FORTY-TWO
FOG OUTSIDE BEDROOM WINDOWS

As soon as Getliffe finished his speech, the court rose for the weekend. He had created an impression upon many there, particularly the strangers and casual spectators. Even some who knew George well were more disturbed than they would admit. Someone told me that he thought the whole speech "shoddy to the core"; but by far the greater number were affected by Getliffe's outburst of feeling. They were not considering whether he was right or wrong; he was reflecting something which had been in the air the whole week, and which they had felt themselves. Whatever words he used, even if they disagreed with his "ideas," they knew that he was moved by the same emotions as themselves. They were certain that he was completely sincere.

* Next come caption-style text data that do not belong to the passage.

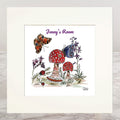 The Mushroom Personalised Mounted Print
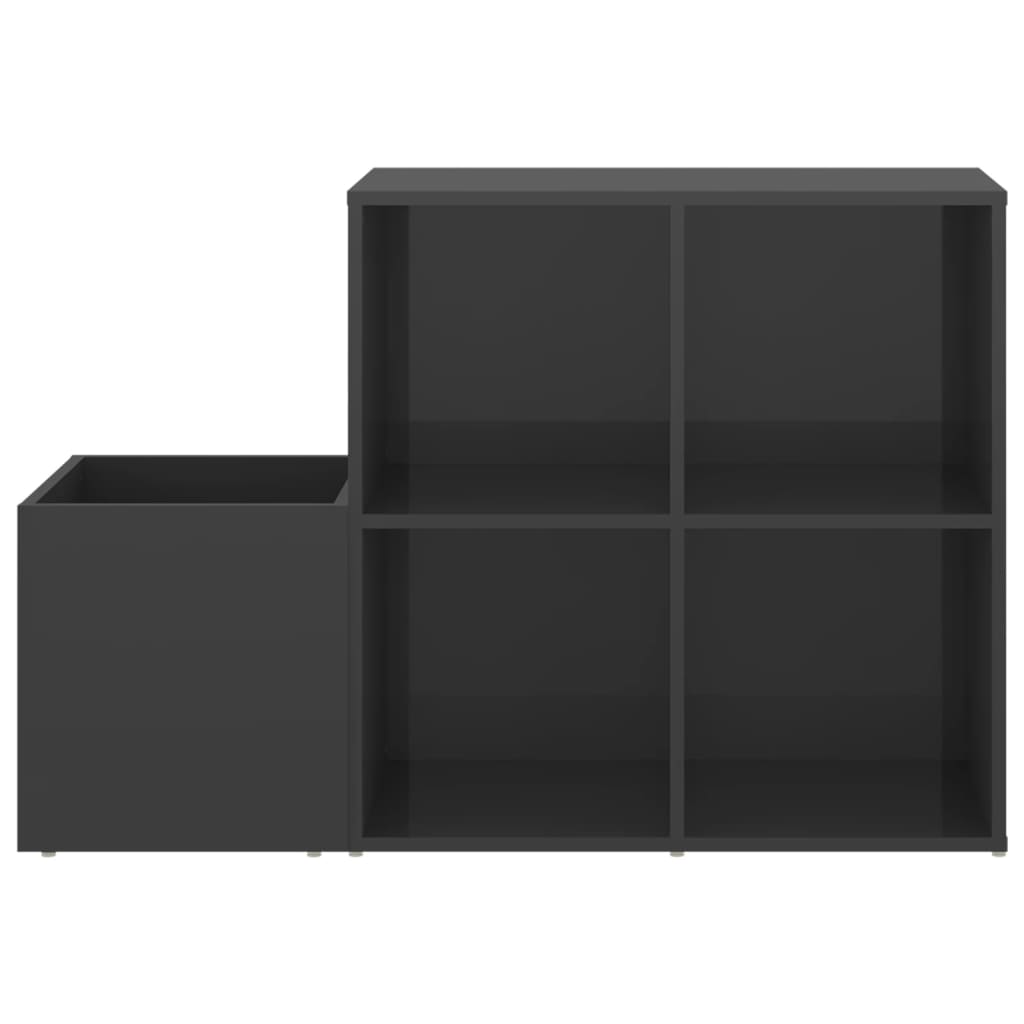 Flur-Schuhschrank 105X35,5X70 Cm Holzwerkstoff Hochglanz-Grau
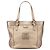 LOEWE Gold Anagram Leder Fusta Tote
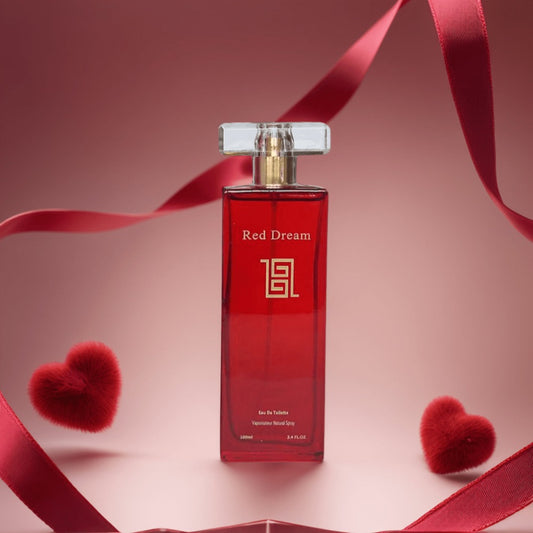 3.4fl.oz Women'S Luxury Perfume - Long-Lasting Floral Scent, Elegant Red Liquid Perfume with Golden & Heart-Shaped Accent, Travel-Friendly Spray for Day to Night Wear, Perfect Gift for Women, Fresh & Sophisticated Fragrance for On-the-Go Use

I went to George's house after lunch. We did not mention the speech. For a time, George talked in a manner despondent and yet uncontrollably nervous and agitated. He had received that morning from the Principal the formal notice of dismissal from the School.

He took a piece of paper and began drawing a pattern like a spider's web with small letters beside each intersection. Some time later, Roy arrived. George did not look up from his paper for a moment. At last he raised his head slowly.

"What is it now?" he said.

"I just called in," said Roy. He turned his head away, and hesitated. Then he said:

"Yes, there is something. It can't be kept quiet. They've gone for Rachel."

"What?"

"They've asked her to leave her job."